(Bloomberg) - Triangle USA Petroleum Corp., an oil and gas explorer working one of the largest shale oil reservoirs in North America, filed for bankruptcy with a plan to restructure that will keep its parent company out of Chapter 11.
Triangle USA is active in the North Dakota and Montana regions of the Williston Basin, where it uses horizontal drilling and hydraulic fracturing. The company and its affiliates fell victim to the price slump that began in 2014, and bankruptcy proceedings were started “with the objective of realigning their capital structure with new market realities,” Chief Restructuring Officer John Castellano said in papers in Delaware federal court.
After several months of negotiations, the company reached an agreement with holders of 73 percent of its senior unsecured notes and plans to get out of bankruptcy by converting the debt into equity in a new, restructured business.
Parent Triangle Petroleum Corp. and an oilfield services affiliate, RockPile Energy Services LLC, weren’t included in Wednesday’s Chapter 11 filing. They and the bankrupt unit intend to keep operating, while a subsidiary that ceased operations this year, Ranger Fabrication LLC, was included in the bankruptcy case and will wind down under court protection.
As of the bankruptcy, Triangle USA had more than $689 million in long-term debt, including $308 million in a reserve-based revolving credit facility and $381 million in 6.75 percent 2022 senior unsecured notes. Those notes will be converted into equity and a new money rights offering for $100 million will be backstopped by participating noteholders, according to a company statement.
The arrangement still needs court approval and Triangle USA will keep negotiating with bank lenders in its senior reserve-backed facility and parties with which it has midstream agreements, including affiliates of joint venture Caliber Midstream Partners LP, according to the statement.
Triangle Petroleum, initially based in Calgary and focused on oil and gas interests in Canada, moved to Denver and began work in the Williston Basin after a management change in 2009, according to court papers.

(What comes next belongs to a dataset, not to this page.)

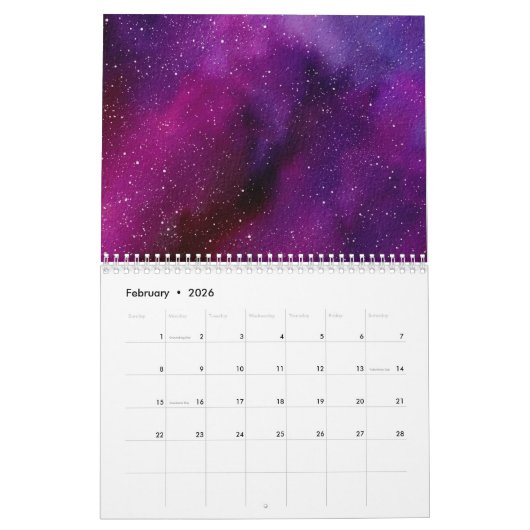 Aquarellgalaxien lila rosa Custom 2025 Kalender (Feb 2026)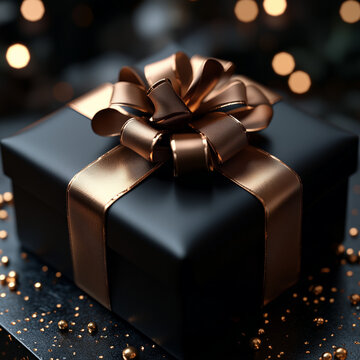  a close-up of a luxurious matte black gift box with a golden satin ribbon, its smooth texture reflecting soft ambient light, set against a dark blurred background for a sophisticated look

Its first well was drilled there in 2011, and over the next three years, business expanded quickly as it bought interests from Kodiak Oil & Gas, Marathon and other companies, it said in court papers.
The company says it has more than adequate liquidity to fund its operations during the restructuring and, at the time of the filing, had about $88 million in cash and cash equivalents.
The case is In re Triangle USA Petroleum Corp., 16-11566, U.S. Bankruptcy Court, District of Delaware (Delaware).